**Problem to solve**
Among the records below, find the line that has "Young People Clinking"; from there, give the lines again exactly, and stop after the line that has "Pierside South Apartments: Elegant".

**Records to process**
◇ ◇ ◇ ◇
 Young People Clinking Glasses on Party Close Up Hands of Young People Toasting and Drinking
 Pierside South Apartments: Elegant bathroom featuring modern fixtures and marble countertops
◇ ◇ ◇ ◇
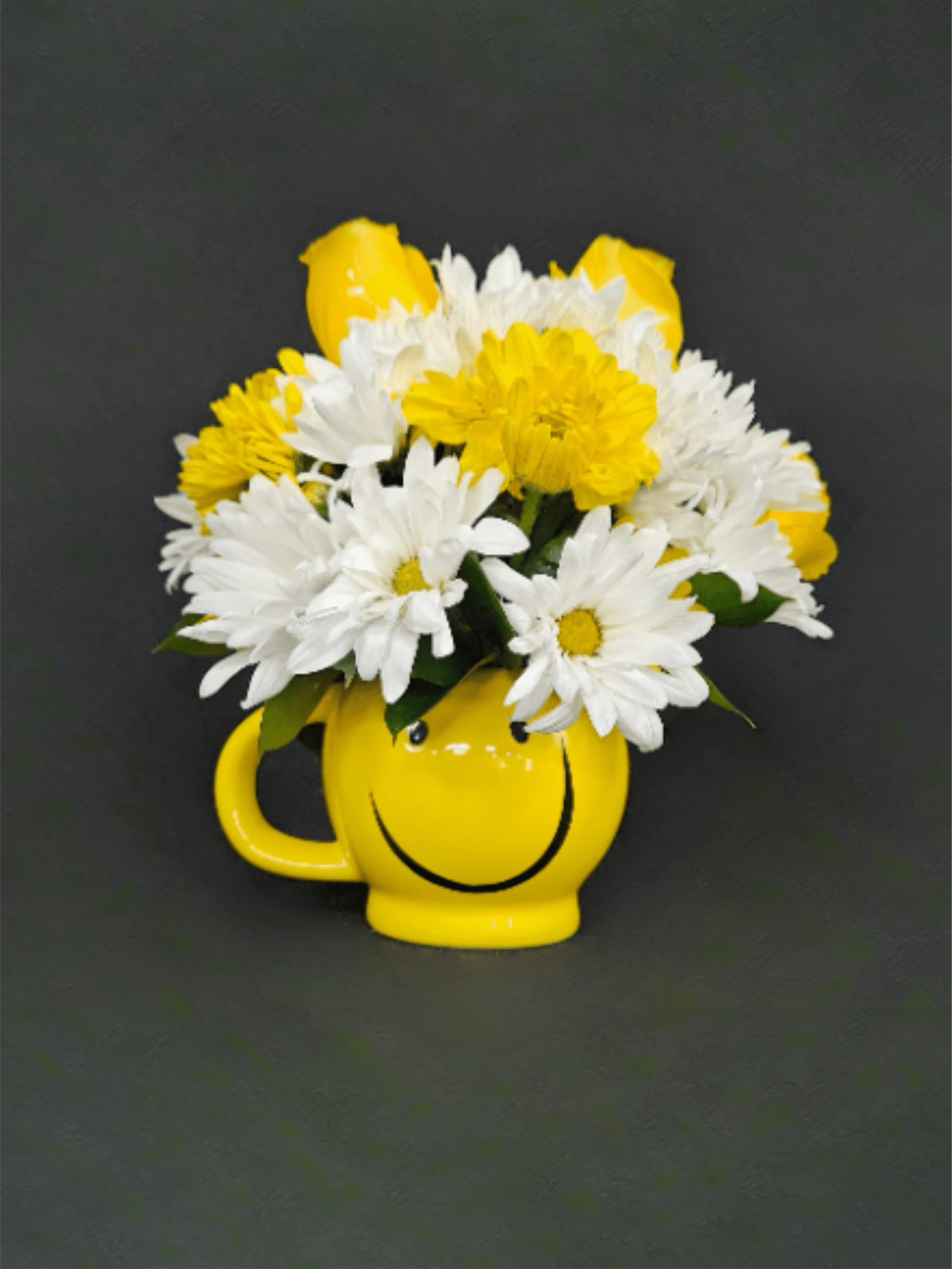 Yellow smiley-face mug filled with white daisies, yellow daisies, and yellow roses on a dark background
◇ ◇ ◇ ◇
**Response area**
 Young People Clinking Glasses on Party Close Up Hands of Young People Toasting and Drinking
 Pierside South Apartments: Elegant bathroom featuring modern fixtures and marble countertops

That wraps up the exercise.